“I feel like a 6/10” sings dodie (lower-case D muy importante, apparently) in the opening lines to ‘6/10’. And same, tbh. On a side note, here’s a question for any scientists out there. How is it in some mirrors I look like a solid 7/10 but whenever I open my front camera I look like a 3? Riddle me that, please.
dodie is the cutesy stage name of Dodie Clark, a fairly big deal on YouTube, according to my lazy research. Immediately this kind of puts me off – YouTube musicians have form for being unrelentingly terrible, for some reason believing that a ukulele and an Instagram account means they should release an album – but dodie seems to be an anomaly. I’m basing this solely on one song, however, and I haven’t watched any of her YouTube videos because people who make YouTube videos for a living tend to be gross. So let’s stick to the tune, shall we.
‘6/10’ kind of screams ‘first world white girl problems’, but that isn’t really a criticism. Music has to tackle the minutiae as well as the grave. For every PJ Harvey harping on about war crimes and colonialism we need a dodie who’ll tell us that being sort of average looking is the worst thing in the world. For what it’s worth, though – and I know this isn’t the point but hear me out – having seen photos of dodie, she’s obviously a bit more than a 6/10 which does make the song a bit annoying. It’s like when Jennifer Lawrence bangs on about eating pizza and being a slob as though she’s not a skinny, beautiful Hollywood star.
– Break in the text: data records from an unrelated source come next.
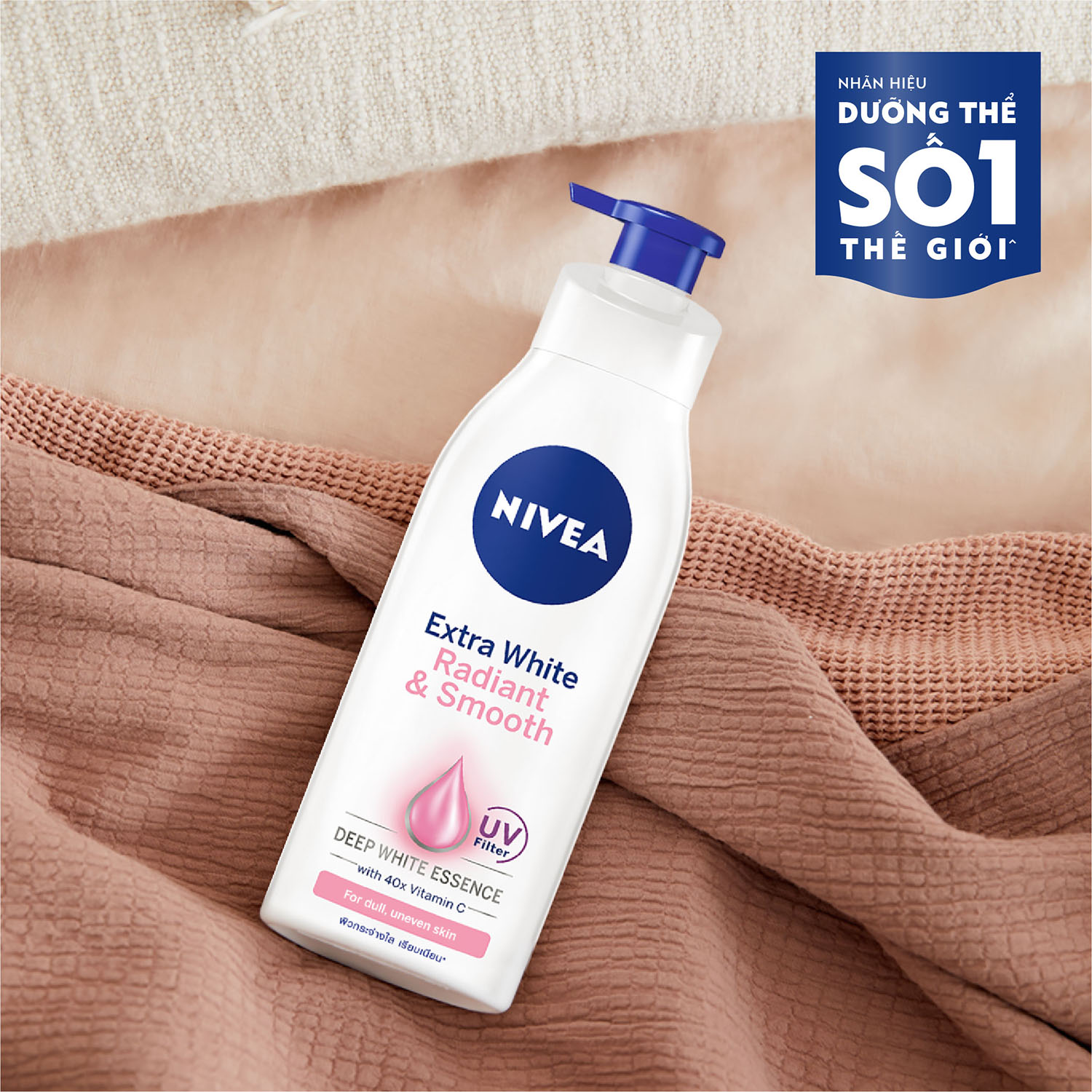 Buy NIVEA, Nivea Extra Bright Radiant & Smooth 550ml with Special  Promotions
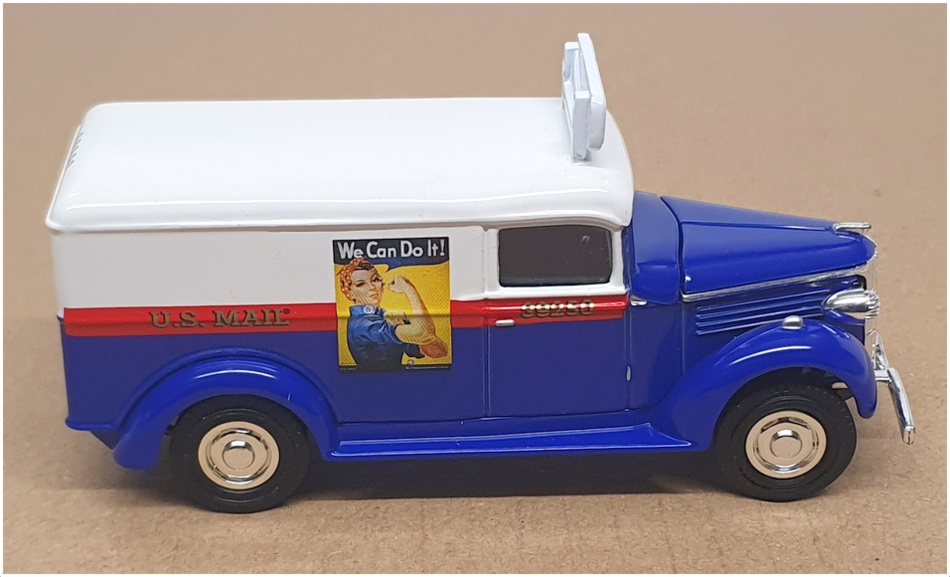 Matchbox 1/43 Scale YYM38240 - 1937 GMC Postal Van - Blue/White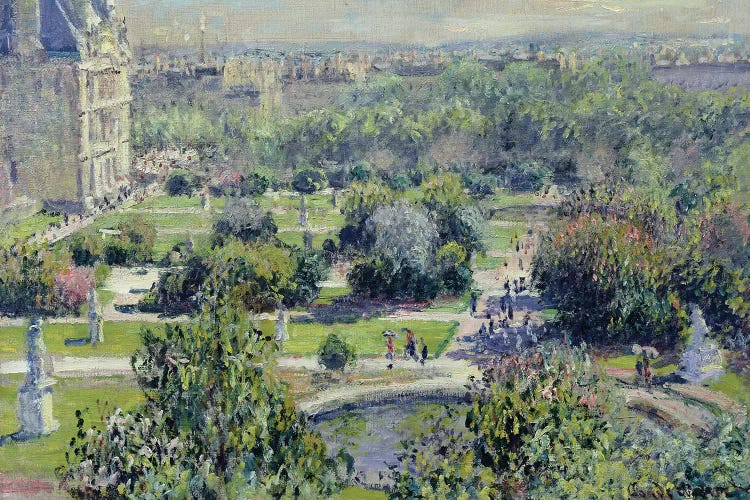 View of the Tuileries Gardens, Paris, 1876  by Claude Monet wall art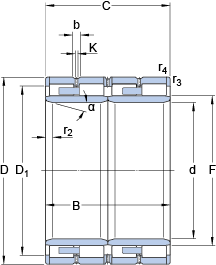 Цилиндрические роликоподшипники 313513, SKF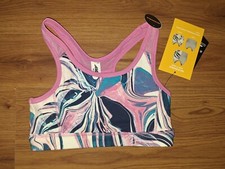 Avia Reversible Sports Bra, Girls Size XS 4/5 NWT Multicolor Eb6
That said, there is something fantastic about the line “Is there pity for the plain girl?” It’s so wallowing and unaware that it’s kind of genius. Because let’s face it, sometimes being plain really does feel like the worst thing in the world. Even though you know it shouldn’t, it just does. And that’s what’s good about this song. It embraces that self-pitying feeling and vocalises it over plinky piano and mournful strings. “I know that you don’t want me here,” dodie chants in an anxiety-inducing mantra before the song dissipates in an echoey hum of hushed vocals and piano.
‘6/10’ could only have been made by a white Youtuber (just saying that word makes my tongue feel fuzzy), but don’t let that ruin it. As an ode to feelings of insufficiency in a society that priorities perfection and a Millennial take on modern vanity, it’s pretty spot-on.